By Mary Beth Pottratz
Occasional cool breezes remind me that today’s near 60⁰ is unusual for November! The sky is deep blue and cloudless. A lone waxwing greets me in the parking lot at the Arb, calling its high-pitched “tseet” in tremolo.
Virgin’s bower vines are clumped with wispy balls of seeds that glint like snowflakes in sun. Squirrels casually hunt for woodland treats, eating them on the spot instead of stashing them for the approaching winter. Fields of puffy flower seeds glow in late afternoon sunlight.
The woodland brook, previously dried up,trickles and seeps through the forest. Horsetails along its banks are still green. Moss grows lush on stream bed rocks. In one spot, the stepping logs are underwater.
A young maple tree is tied with dozens of multi colored ribbons, its base encircled with hand-painted stones. This living memorial to Grace Elizabeth Fazendin is clearly well-remembered by her loved ones, as well as a lovely gift to the Arboretum.

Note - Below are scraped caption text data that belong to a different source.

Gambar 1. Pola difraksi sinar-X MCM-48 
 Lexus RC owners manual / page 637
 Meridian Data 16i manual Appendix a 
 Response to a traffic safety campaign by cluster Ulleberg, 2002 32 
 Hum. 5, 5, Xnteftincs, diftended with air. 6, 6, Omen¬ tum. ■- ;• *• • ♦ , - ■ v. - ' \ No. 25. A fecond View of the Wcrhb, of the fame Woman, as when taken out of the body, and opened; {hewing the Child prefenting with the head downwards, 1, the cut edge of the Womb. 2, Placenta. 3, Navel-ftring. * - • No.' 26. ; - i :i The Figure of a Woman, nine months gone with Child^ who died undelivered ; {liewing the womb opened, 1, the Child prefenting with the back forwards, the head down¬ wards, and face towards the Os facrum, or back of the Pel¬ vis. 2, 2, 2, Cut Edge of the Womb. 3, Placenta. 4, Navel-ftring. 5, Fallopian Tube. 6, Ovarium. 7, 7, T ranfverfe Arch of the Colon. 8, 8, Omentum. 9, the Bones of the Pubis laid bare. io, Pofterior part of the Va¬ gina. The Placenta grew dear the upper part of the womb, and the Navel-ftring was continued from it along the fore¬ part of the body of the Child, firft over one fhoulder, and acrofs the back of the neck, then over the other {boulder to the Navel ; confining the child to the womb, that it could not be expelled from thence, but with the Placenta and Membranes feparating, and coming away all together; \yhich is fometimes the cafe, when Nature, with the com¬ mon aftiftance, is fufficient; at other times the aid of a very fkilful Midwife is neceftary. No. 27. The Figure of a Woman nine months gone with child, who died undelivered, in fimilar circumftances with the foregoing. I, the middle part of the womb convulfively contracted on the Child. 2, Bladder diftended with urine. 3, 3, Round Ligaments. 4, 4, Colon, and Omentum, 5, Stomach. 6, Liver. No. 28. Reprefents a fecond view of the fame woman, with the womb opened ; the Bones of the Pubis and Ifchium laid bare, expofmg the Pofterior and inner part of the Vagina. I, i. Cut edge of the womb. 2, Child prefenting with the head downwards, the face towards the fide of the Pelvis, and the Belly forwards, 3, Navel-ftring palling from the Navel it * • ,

A pair of birch trees high-five each other above a field shimmering in the sun. Seedheads provide texture: round balls of aster, lush fronds of goldenrod, straight spikes of liatris and tall stems of grasses that sway in the breeze.
A goldfinch flits quickly overhead. Tamaracks have lost their needles, and the ground beneath has telltale washes of gold. A hairy woodpecker drums on the birch tree above me, leaving fresh holes in the dead branch. Translucent, bright red high-bush cranberries dangle in clusters from naked branches.
Witchhazel is in full flower. Its tiny yellow blooms with ribbon-like petals are barely an inch long, but such a welcome sight in late fall! I inhale deeply and take in the rich, spicy scent of a few Anise hyssops still in bloom in the wildlife garden.
Catkins dangle from hazelnut shrubs and birch trees. Bare gingko trees stand sentinel over carpets of golden leaves. Turtlehead stems are tipped with green and tan seed pods, with many leaves still green! Wild prairie rose hips are black-red and dried on the stem.
Clumps of prairie dropseed are honey blond. Little bluestem glows pale orange studded with white tufts of seed. The landscape is tan – but no monochrome here! Rich browns, ecru and beige counterpointed with white seedheads, mauve flowertops, swaths of cattails and red-osier dogwood.
There is not a cloud in the sky to reflect the flaming sun as it drops behind trees. Time to head home.